Were I only to watch CNN, I might be forgiven for feeling estranged from the Palestinian perspective. Almost all the news packages on the channel seemed to come from Israel or west Jerusalem, creating a visual understanding of Israel's plight as it welcomed home the 25-year-old soldier who they felt could have been any Israeli's son.
Reporter Frederik Pleitgen did his piece to camera near the Shalit's home in Mitzpe Hila and interviewed only Israelis. Matthew Chance in Gaza and Kevin Flower in Jerusalem allowed just one Palestinian voice in each of their reports. Chance's was a militant while Flower's was revealingly denied an aston. Hardly the spread of voices required to form an educated judgment. The most interesting CNN coverage was on Becky Anderson's Connect The World the night before the exchange, when she interviewed an Israeli student and a Palestinian peace activist via video link in the studio. Hearing two young people from either side discussing the deal, even in superficial terms, felt more immediate than the voices of any amount of American reporters in Israel.

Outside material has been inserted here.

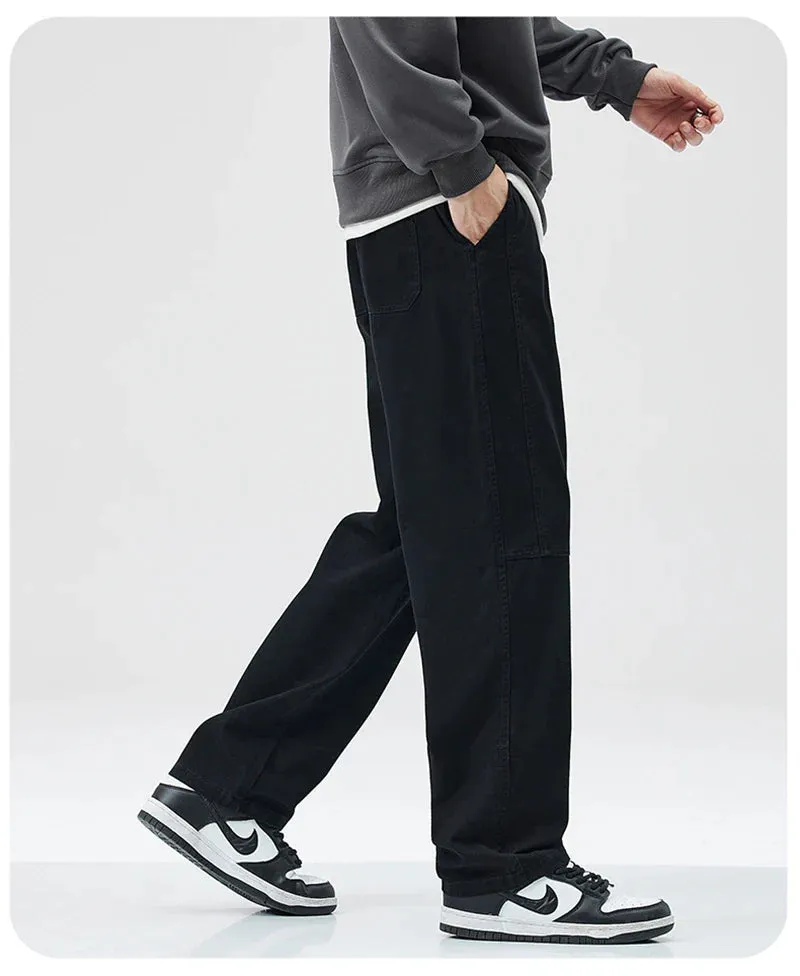 Sleek Cargo Trousers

Al Jazeera English is normally accused of going the other way, and it is true that there was certainly no shortage of Palestinian voices on the channel. A spokesperson from the Gaza Prisoner's Association waxed lyrical in one of Nicole Johnston's packages about the homecoming of Palestinian "heroes". She also interviewed Ahmed Sedat of the Popular Front for the Liberation of Palestine, Abu Ibrahim from the Popular Resistance Committee and heard from a masked member of Hamas. Alongside these voices were those of Gaza residents and the family of one freed prisoner from the West Bank who were relocating to be with him in "exile" in Gaza. Al Jazeera's use of the word "exile" to describe the Israeli condition of release of 40 of yesterday's prisoners is as loaded as CNN's use of the word "terrorist" to describe some of the Palestinian prisoners.

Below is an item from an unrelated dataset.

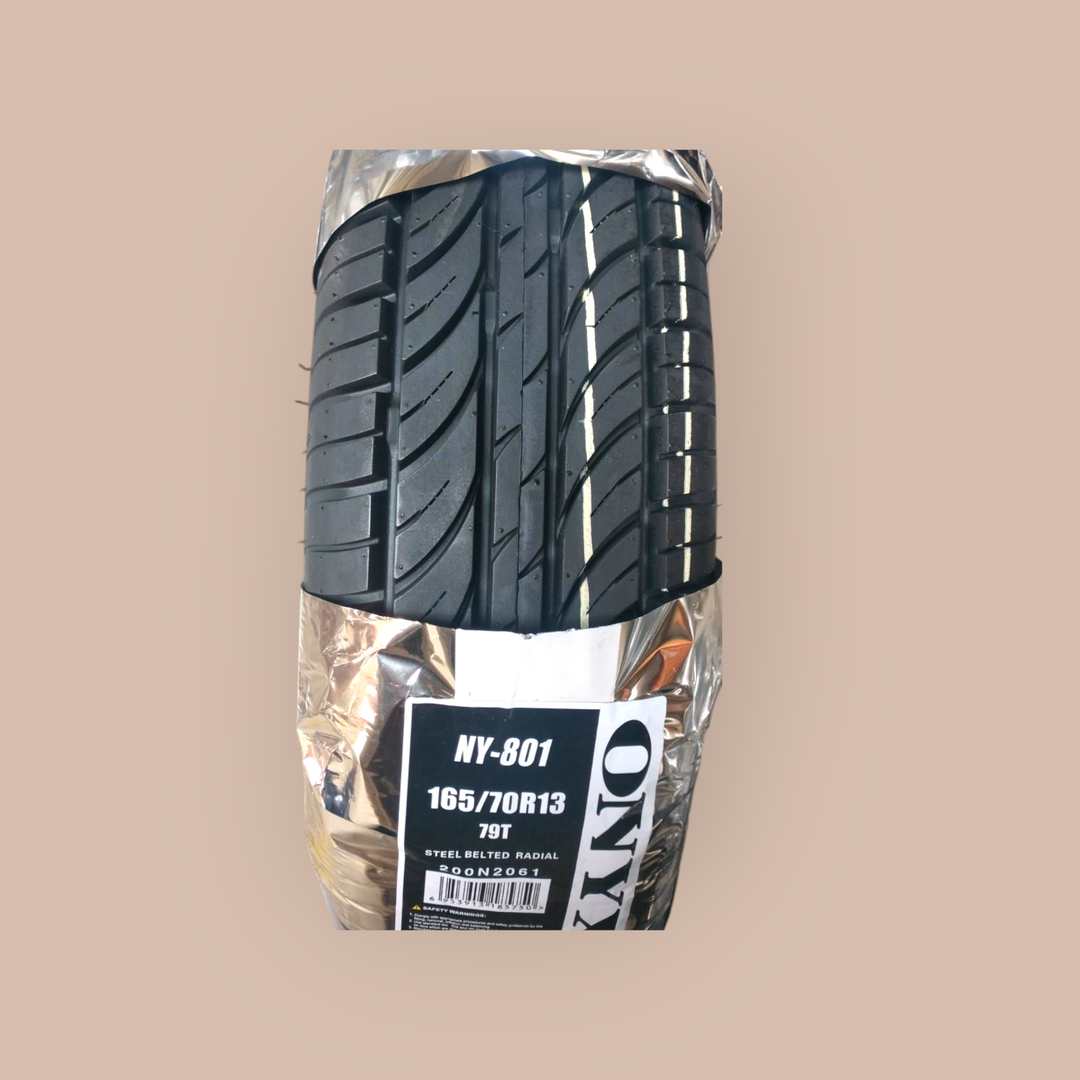 ONYX BRAND 165-70R13 Import Tyre for Compact Cars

However, if discrete reports failed to give a plurality of voices, Al Jazeera's overall coverage is avoiding the narrowness of CNN's by coming from so many different areas of the region. Omar al Saleh was in Doha as the first prisoners arrived there, Cal Perry was in Jerusalem as Galid Shalit arrived home, Nicole Johnston was in Gaza, and Charles Stratford was near Ramallah as those Palestinian prisoners allowed home arrived. Moreover, Al Jazeera seems to be the only channel not treating this story as finished already. The coverage continues on TV and online as the ripples from this historical negotiation continue to be felt throughout the region.
The BBC, bound by its Trust to be impartial in its reporting, took a completely different - and rather esoteric - angle. It focussed more on Shalit's Nile TV interview with Egyptian reporter Shahira Amin than on the consequences for Israel, Hamas and Palestine of the prisoner exchange. This might be explained by its conspicuous absence of reporters in the region. As with much of the Arab Spring, the BBC has had to struggle with one or two reporters covering an area that has seen more than its fair share of breaking news. Jeremy Bowen's package relied on footage he could voice over and one piece to camera, while Rupert Wingfield-Hayes managed to be in central Israel. But there was an absence of colour to BBC reporting, that could only be achieved by having reporters throughout the region.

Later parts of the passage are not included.